The Microsoft of today is the Apple of yesteryear; directionless, adrift, unpopular, deserted by the technical elite, and home to mostly shitty software. Microsoft produces a thousand different products with no unified vision or purpose, and most of them bleed money. Like the Apple of the 1990s, research labs belch forth an unending stream of interesting but irrelevant tech-demo-products that suck away funds and talent from the popular products and the money-makers.

Windows Live Writer, for example. I’ve heard it’s quite good, but why isn’t it bundled with Vista or XP? Since you have to go out and find it to use it, its audience will be very small, dooming it to near-irrelevance in the elephantine-huge scheme of things. It’s also got no real business model behind it save a tenuous link to Windows Live, which itself is free and relies on ads to support itself. Soooooo… what’s the point? Has the product group in charge of Windows Live Writer actually produced anything valuable to Microsoft? If WLW were bundled with Vista or Office or sold for a profit, then it could begin to contribute value to the company. As is, it does nothing. It’s subsidized freeware with a small audience.

And what about Windows Life Photo Gallery? How does it differ from the Windows (non-Live) Photo Gallery that comes bundled with Vista? If you already uses one, what’s the benefit of the other? How does it enhance Microsoft’s bottom line or contribute to its technological prowess or enhance existing products?

For that matter, why does Windows Live itself exist? Microsoft isn’t any good at search and doesn’t make money from it, so Live Search is a dud. Windows Live Hotmail likewise doesn’t earn the company anything, and it’s a constant poster boy for poor software design among nerds.

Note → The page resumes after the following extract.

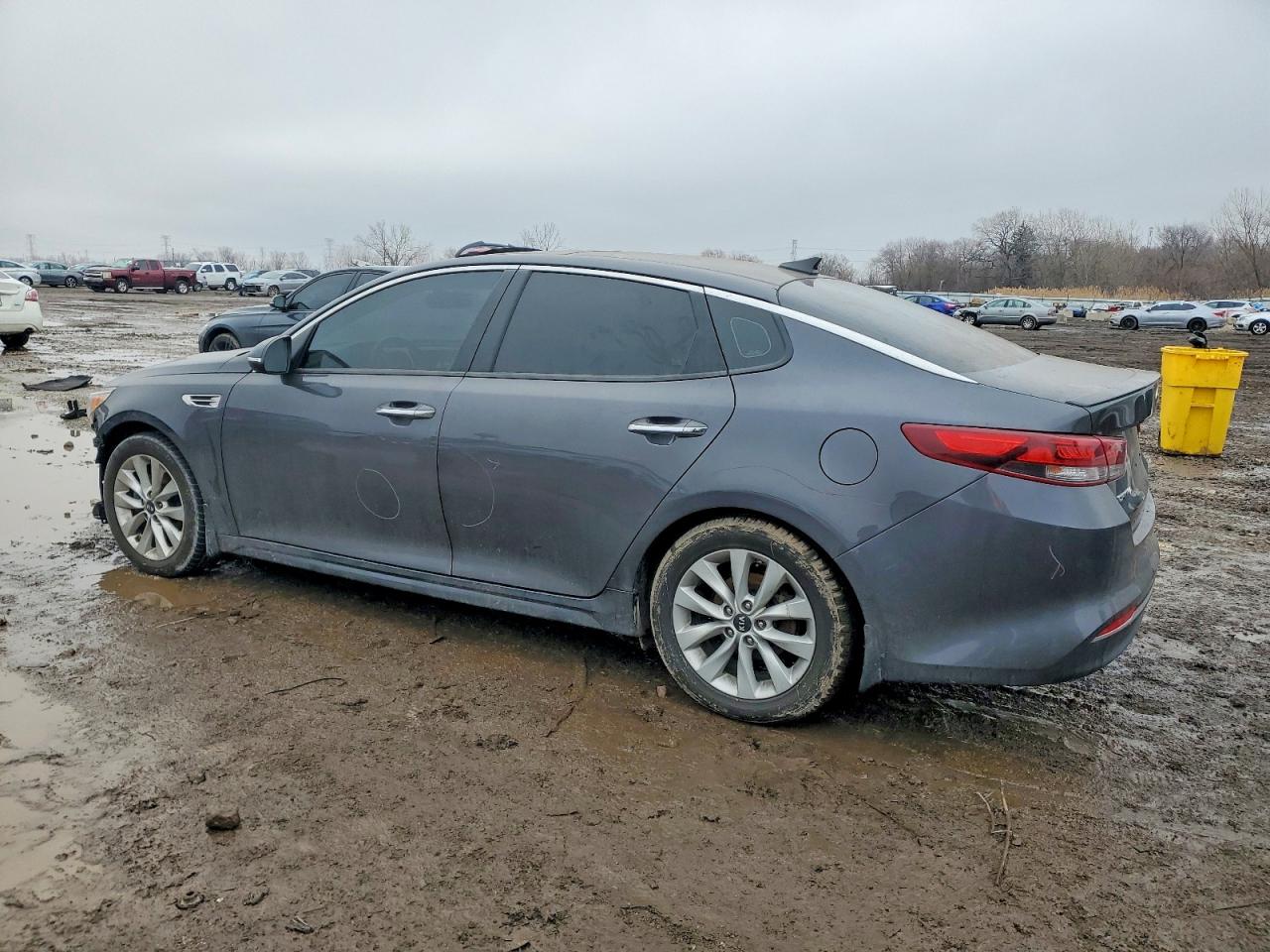 2018 KIA OPTIMA LX photo 2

And what about PhotoSynth? Sure it makes cool panoramas, but where’s the money for it coming from, and what revenus it it bringing in? None! Nada! Zippo!

This stuff is exactly what Apple did during the mid-90s. Its research labs produced plenty of amusing curios, tech demos that never materialized into successful products, and free add-ons for the Mac OS that did nothing but suck resources away from the money-making products. The Newton, for example, was hailed by its few users, but at the time it was a failing product that merely drained Apple’s coffers. An adjunct to the Newton was the eMate, a low-cost laptop with a lilliputian stylus-driven monochrome touchscreen. It was unclear at the time why Apple was producing such products when its Macintosh line was stagnating and public opinion was turning against them, and it was years before Jobs returned to trim the fat.

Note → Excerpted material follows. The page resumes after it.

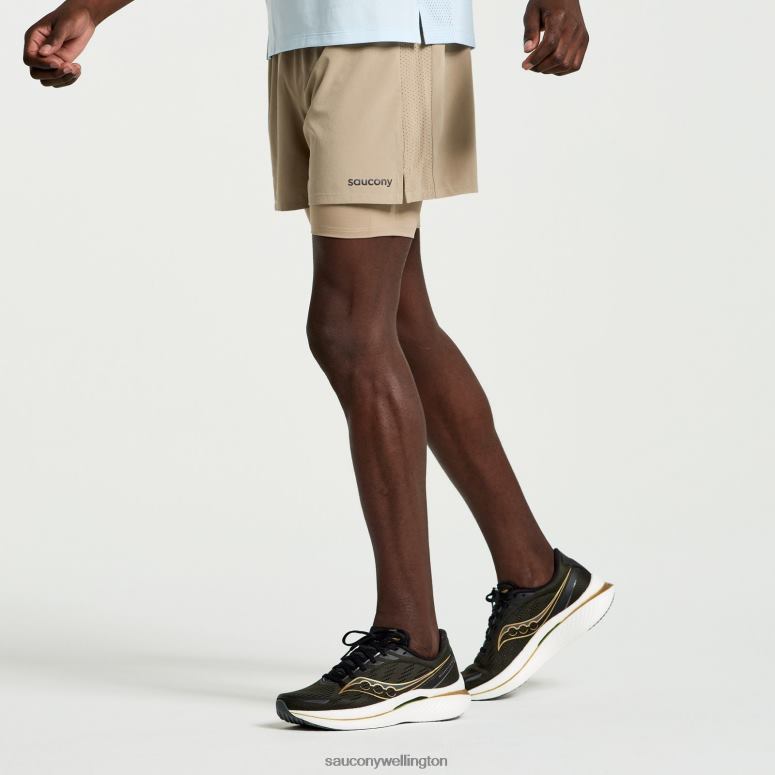 Saucony Men Outpace 4 2-in-1 Short Pewter 0066X392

This is what Microsoft must do: trim the fat. Reduce the bloat, concentrate on Windows and Office, and produce only software that can either be sold for a profit, or comes bundled with the operating system to enhance its value. Apple did this and turned around its fortunes in a year or two. So can Microsoft.

2 Responses to “Microsoft: The New Old Apple”

  1. Amwe Says:

    Careful–if you decide to go get an MBA, the evil Microsoft might just make you a job offer you can’t refuse…

  2. Simon Says:

    > Windows Live Writer, for example. I’ve heard it’s quite good, but why isn’t it bundled with Vista…?

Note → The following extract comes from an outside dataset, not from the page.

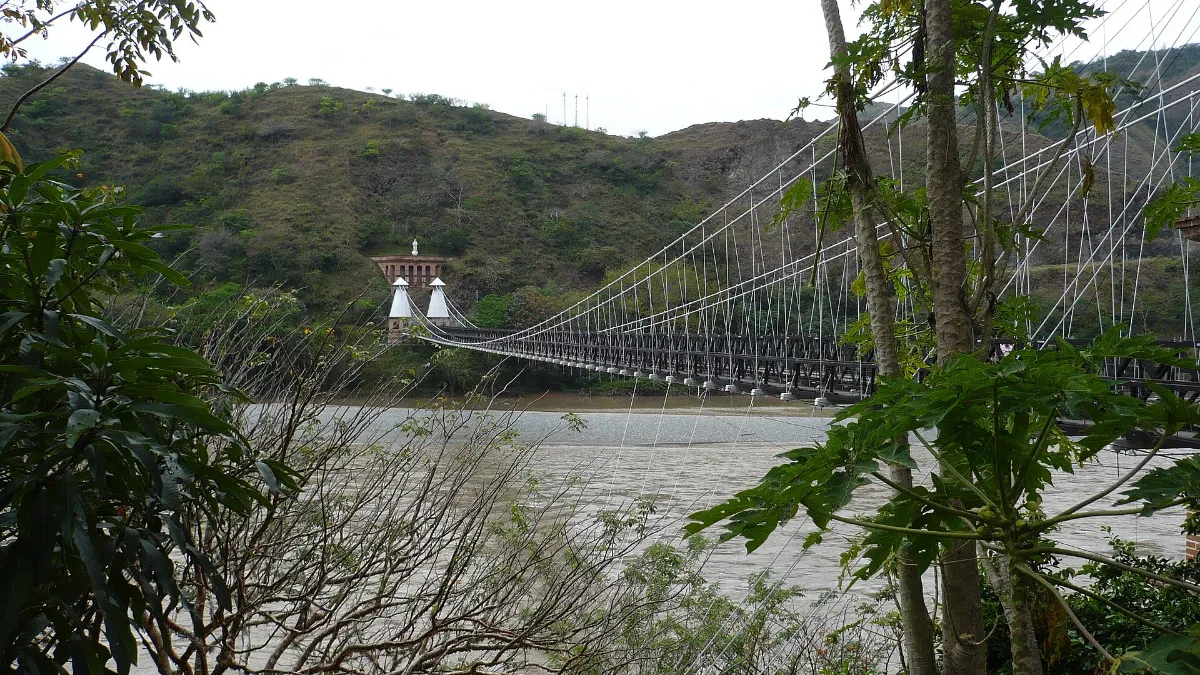 El Puente de Occidente sobre el río Cauca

    Just maybe something to do with the fact that whenever Microsoft bundle middleware, they end up as the subject of an EU or DoJ antitrust suit?

    > And what about Windows Life Photo Gallery? How does it differ from the Windows (non-Live) Photo Gallery that comes bundled with Vista? If you already uses one, what’s the benefit of the other?

    WLPG is the newest version of WPG. They just changed the name. (Presumably because some marketing droid wanted to get the “Live” brand in every place they possibly could).